COLLECTED DATA:
--- START ---
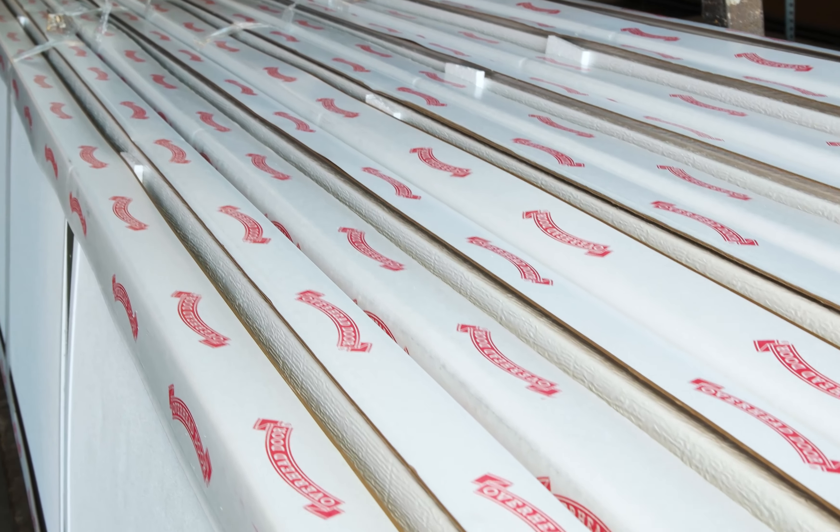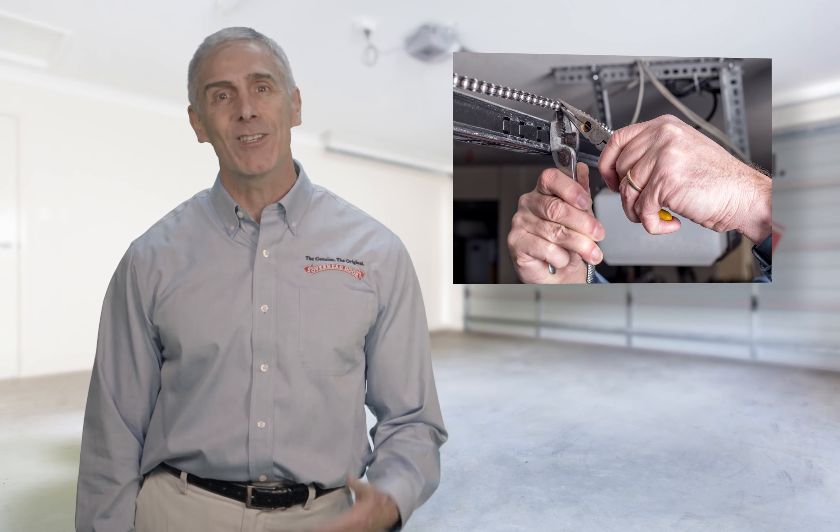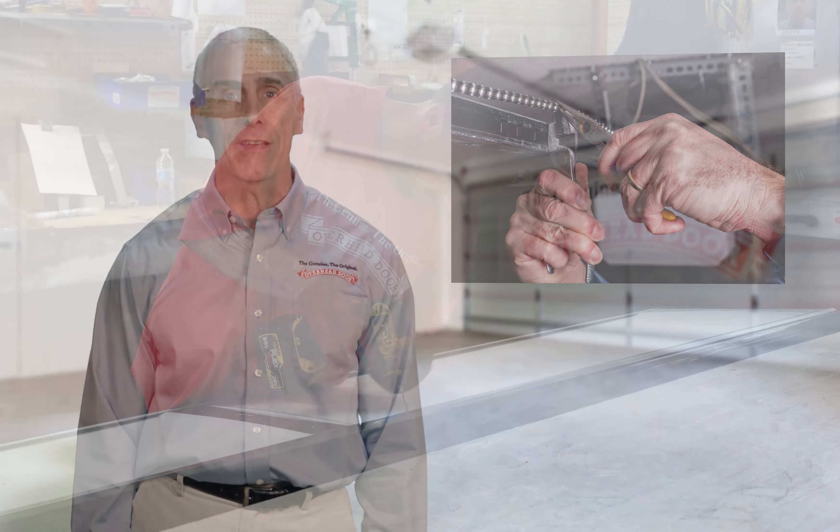When you need servicing on your door, we use only original, factory-manufactured parts, guaranteeing that your doors look and work like new for years to come. And you know the job will be done right because we require that all of our technicians undergo specialized training to stay up-to-date with Overhead Door's latest technology and products.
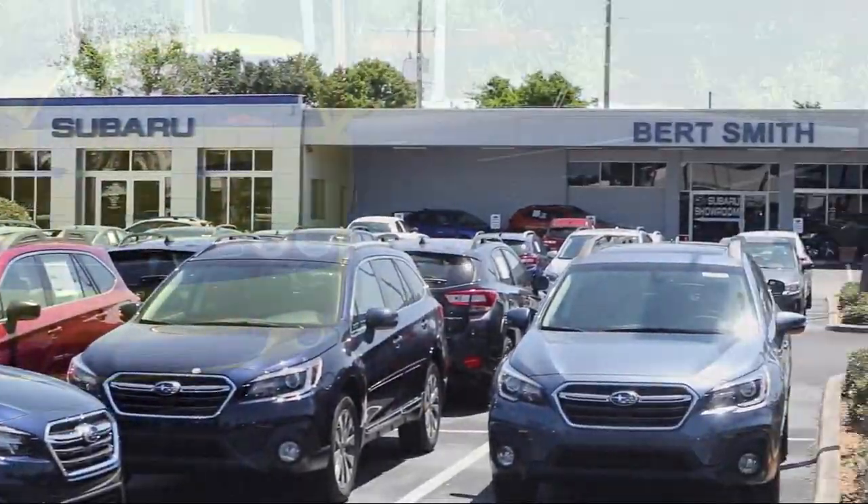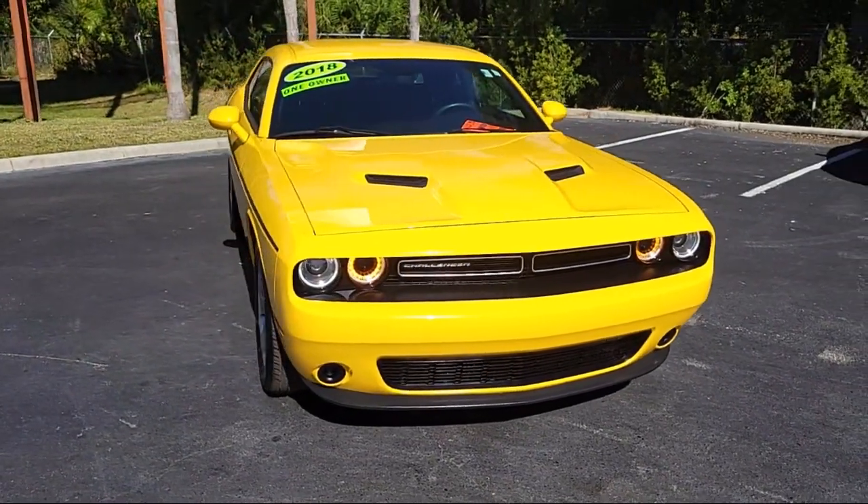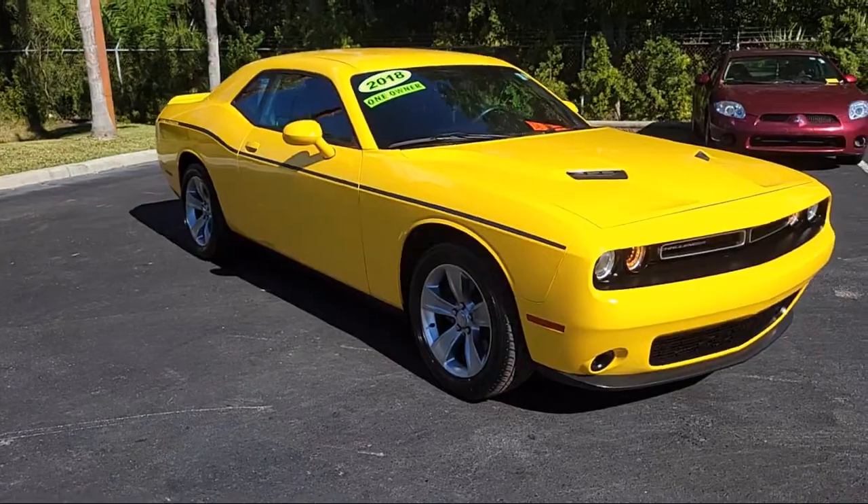Welcome to Bert Smith Automotive, and here's a look at another one of our great vehicles from our inventory. It comes equipped with blind spot and cross path detection, and smart device integration.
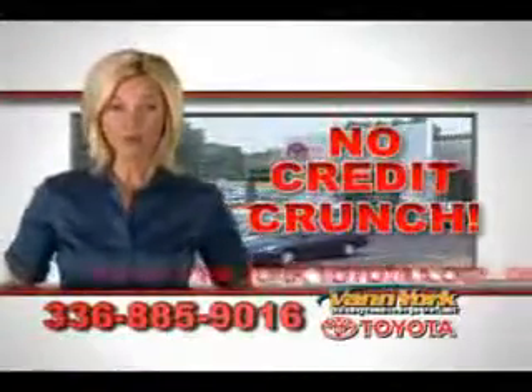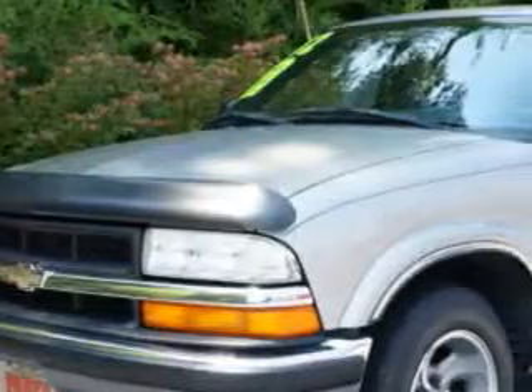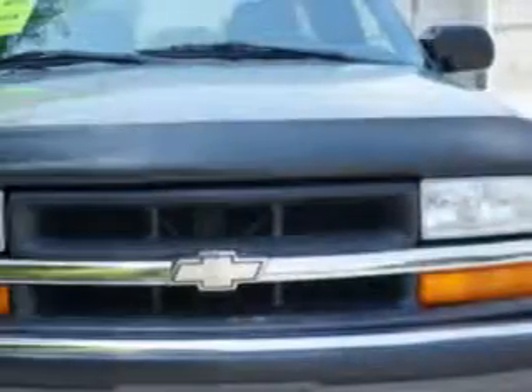There's no credit crunch at Van York Toyota — millions of dollars to lend. Experience this Sandalwood Metallic O2 Chevrolet S10 Extended Cab LS.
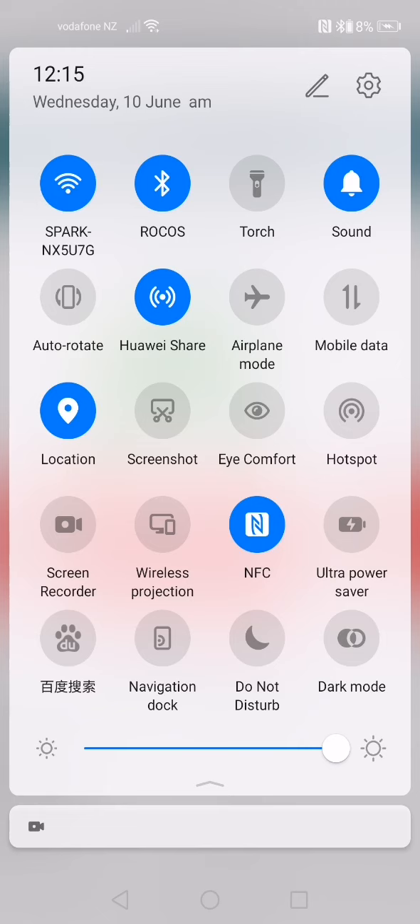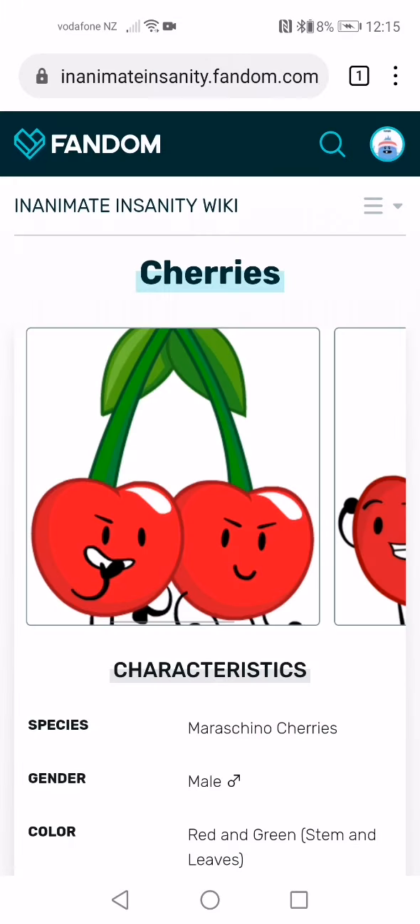Just delving right into this — earlier, hacker Pwn20wnd, who created the unc0ver jailbreak, tweeted out: "There's a bug in the latest versions of unc0ver that causes the jailbreak to operate with the opposite of the user preference for disabling auto updates. You should turn off that option and re-jailbreak now to prevent your device from auto updating to 13.5.1."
--- END ---
EXERCISE DIRECTIONS:
The reply should consist only of the lines from the top of the material above through the line with "Welcome to Bert", printed exactly, pictures omitted.

RESPONSE TO THIS EXERCISE:
When you need servicing on your door, we use only original, factory-manufactured parts, guaranteeing that your doors look and work like new for years to come. And you know the job will be done right because we require that all of our technicians undergo specialized training to stay up-to-date with Overhead Door's latest technology and products.
Welcome to Bert Smith Automotive, and here's a look at another one of our great vehicles from our inventory. It comes equipped with blind spot and cross path detection, and smart device integration.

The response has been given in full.